▶ [WHAT YOU SHOULD DO]
Lines from the first one down to the one containing "Manutti Mood Garden Chair - Now Discontinued" in the data below are the only ones needed; please return them exactly, both ends included.

▶ [ENTRIES SHOWN]
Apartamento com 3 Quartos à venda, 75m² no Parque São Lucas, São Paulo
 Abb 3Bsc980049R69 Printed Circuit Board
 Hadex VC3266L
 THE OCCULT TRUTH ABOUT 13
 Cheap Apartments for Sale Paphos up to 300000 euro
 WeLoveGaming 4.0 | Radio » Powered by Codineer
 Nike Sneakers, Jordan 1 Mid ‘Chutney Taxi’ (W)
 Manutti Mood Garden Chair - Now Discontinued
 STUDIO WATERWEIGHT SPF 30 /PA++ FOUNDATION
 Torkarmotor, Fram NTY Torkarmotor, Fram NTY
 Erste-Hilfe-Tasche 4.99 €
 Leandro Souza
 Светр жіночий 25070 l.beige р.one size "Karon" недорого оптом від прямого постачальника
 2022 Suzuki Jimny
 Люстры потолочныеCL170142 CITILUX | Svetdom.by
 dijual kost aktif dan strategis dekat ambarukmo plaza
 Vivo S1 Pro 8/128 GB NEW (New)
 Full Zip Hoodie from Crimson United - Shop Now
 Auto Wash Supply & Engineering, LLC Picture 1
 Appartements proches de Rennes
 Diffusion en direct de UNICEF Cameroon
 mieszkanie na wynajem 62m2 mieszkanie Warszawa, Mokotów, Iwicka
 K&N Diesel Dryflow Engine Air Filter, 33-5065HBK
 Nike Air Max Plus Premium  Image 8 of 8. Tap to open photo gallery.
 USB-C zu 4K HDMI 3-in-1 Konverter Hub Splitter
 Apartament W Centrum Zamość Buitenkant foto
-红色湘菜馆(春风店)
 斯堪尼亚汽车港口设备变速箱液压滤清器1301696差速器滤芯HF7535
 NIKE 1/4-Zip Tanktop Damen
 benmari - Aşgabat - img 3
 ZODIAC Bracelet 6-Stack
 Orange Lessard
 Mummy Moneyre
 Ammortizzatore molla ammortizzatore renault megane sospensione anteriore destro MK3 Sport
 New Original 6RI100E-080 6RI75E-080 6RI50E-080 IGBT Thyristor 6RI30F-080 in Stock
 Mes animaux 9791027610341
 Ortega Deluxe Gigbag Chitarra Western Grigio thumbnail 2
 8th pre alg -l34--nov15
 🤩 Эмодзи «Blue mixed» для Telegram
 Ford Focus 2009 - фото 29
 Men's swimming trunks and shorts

▶ [ANSWER SPACE]
Apartamento com 3 Quartos à venda, 75m² no Parque São Lucas, São Paulo
 Abb 3Bsc980049R69 Printed Circuit Board
 Hadex VC3266L
 THE OCCULT TRUTH ABOUT 13
 Cheap Apartments for Sale Paphos up to 300000 euro
 WeLoveGaming 4.0 | Radio » Powered by Codineer
 Nike Sneakers, Jordan 1 Mid ‘Chutney Taxi’ (W)
 Manutti Mood Garden Chair - Now Discontinued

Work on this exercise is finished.